J-P Mauro - published on 09/04/18

The new design is first major innovation for the classic instrument in 400 years.

With his fresh take on violin design, Italian born Luca Alessandrini won the International Student Innovation Award 2016. An engineering and design student at Imperial College, he chose to include his love of music in his project, exploring ways to improve upon the design of the most standard instrument in Western music. His spider silk violin is the first major innovation of the classical instrument in almost 400 years.

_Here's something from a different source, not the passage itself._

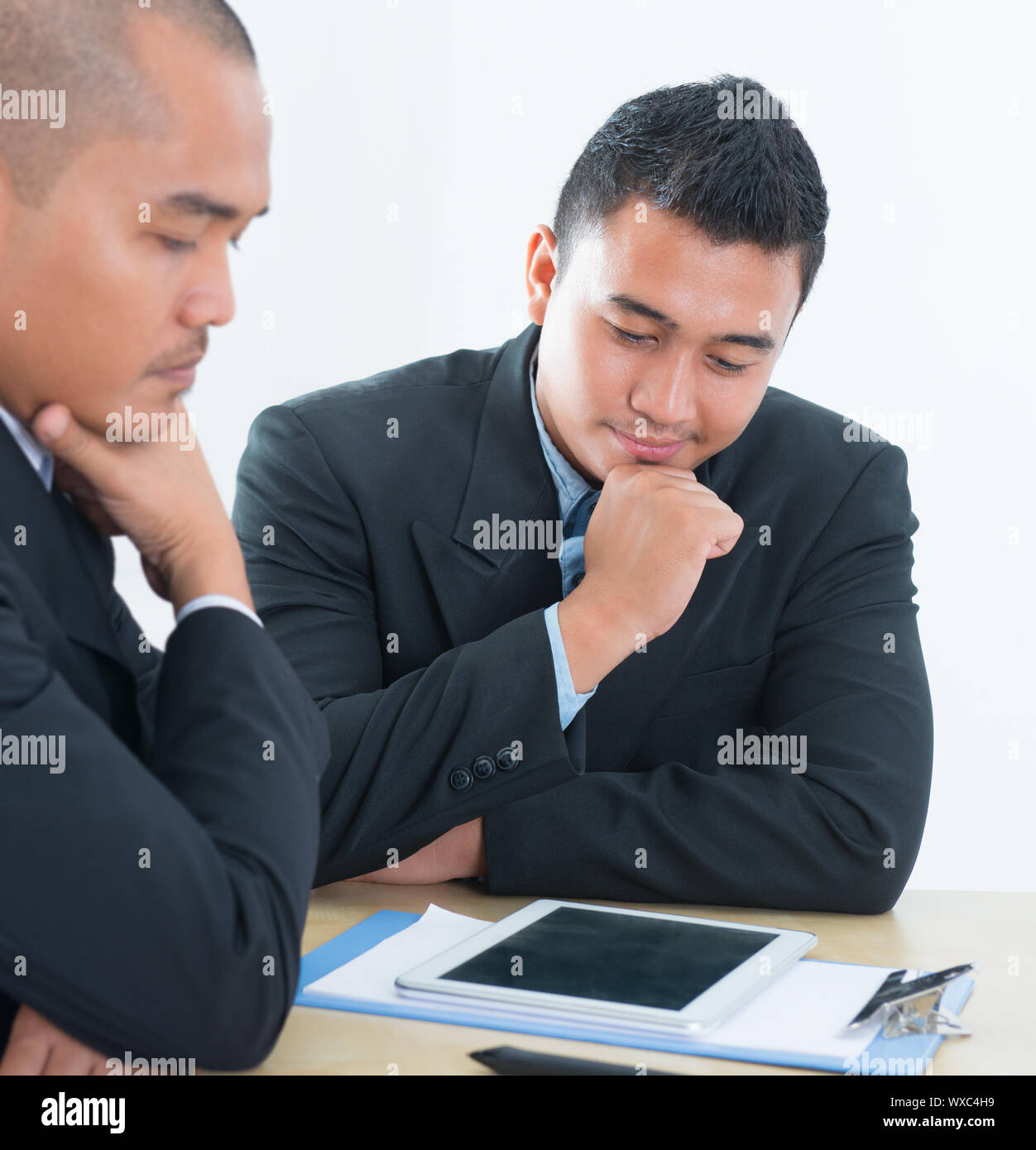 Southeast Asian business people discussing, sitting in office. Stock Photo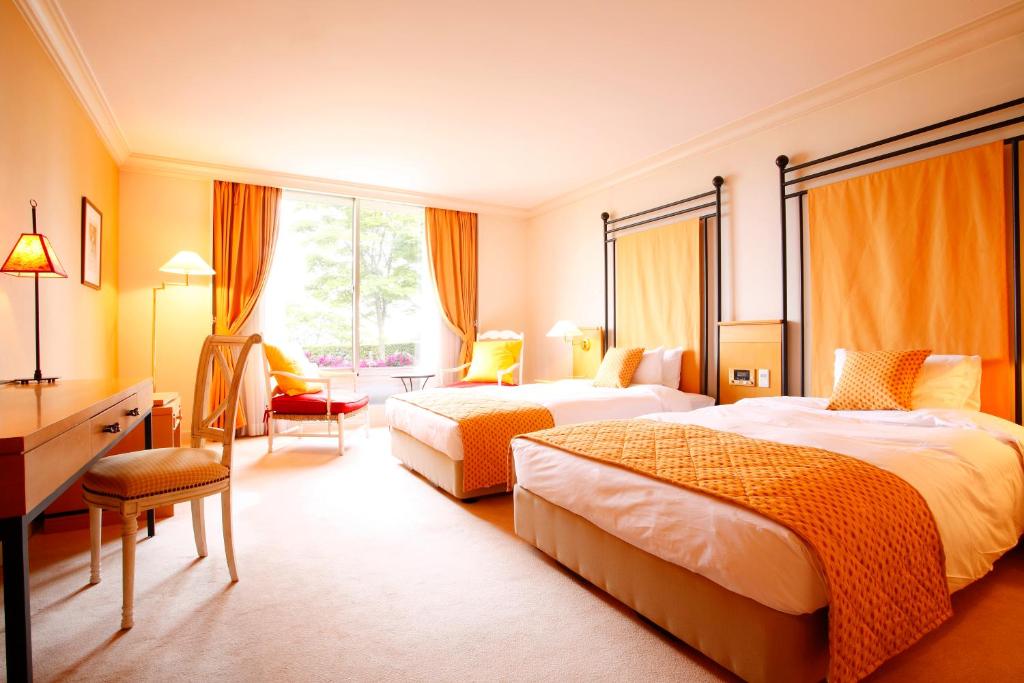Postel nebo postele na pokoji v ubytování L'Hotel de Hiei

Benedetta Bacialli, brings us the whole story out of LifeGate:

“Violin is the most iconic, the most difficult instrument to play, has not undergone changes for nearly 400 years and has a long tradition. Changing it seemed to me an inspiring provocation,” Alessandrini explains. Violins are being made of carbon fiber since the ‘70s and the sound box is made of chipboard, a cheap but non-eco-friendly material. Driven by a strong desire for innovation, Luca Alessandrini takes on a real challenge that leads him to reach unimaginable goals in less than one year.

The sound produced by spider silk is a much warmer tone than a traditional wooden violin. The hard wood gives emphasis to the scratching of the bow on the strings, where the silk softens it and gives primacy to the tone of the sound. While the wood may have a bit of a brighter tone, I would imagine that an orchestra of these silk violins would blend beautifully.